• **Work item**
Within the listing below, give again exactly the lines between the one containing "Lucky Multicolored Bracelet" and the one containing "Lavender Bathroom II", inclusive, pictures left aside.

• **The data**
____
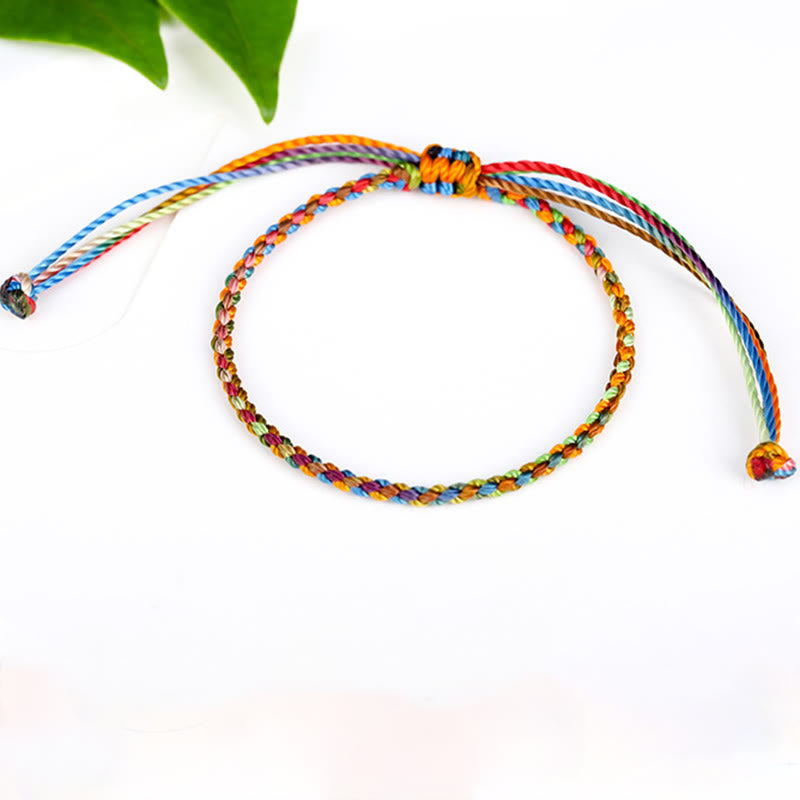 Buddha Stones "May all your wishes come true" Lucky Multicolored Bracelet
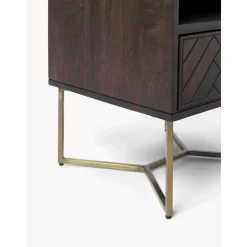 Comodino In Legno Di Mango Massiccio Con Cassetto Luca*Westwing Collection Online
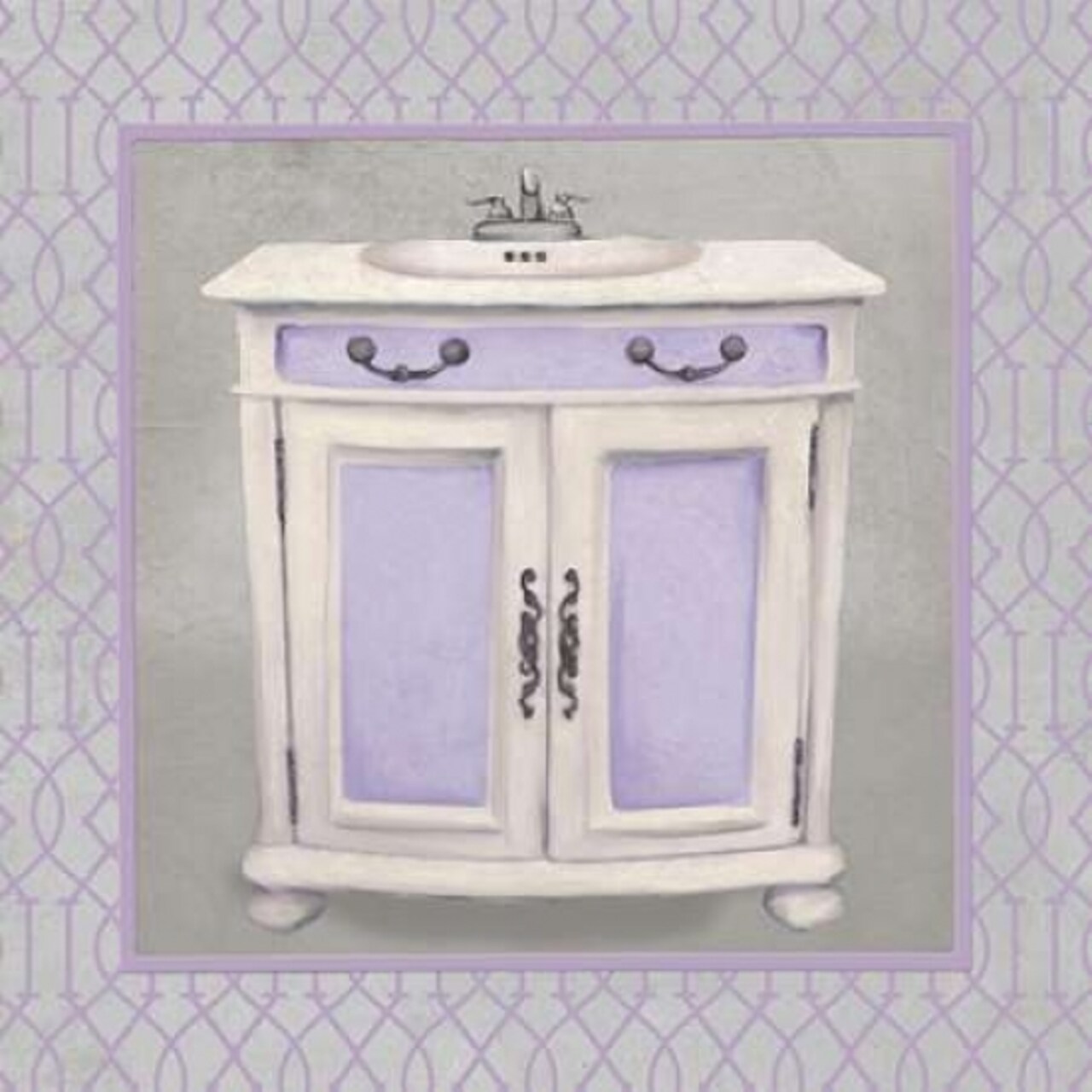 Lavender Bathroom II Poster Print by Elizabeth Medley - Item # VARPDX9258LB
____
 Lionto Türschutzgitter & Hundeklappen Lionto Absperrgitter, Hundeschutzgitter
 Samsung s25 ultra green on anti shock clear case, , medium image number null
____
• **Task result**
 Buddha Stones "May all your wishes come true" Lucky Multicolored Bracelet
 Comodino In Legno Di Mango Massiccio Con Cassetto Luca*Westwing Collection Online
 Lavender Bathroom II Poster Print by Elizabeth Medley - Item # VARPDX9258LB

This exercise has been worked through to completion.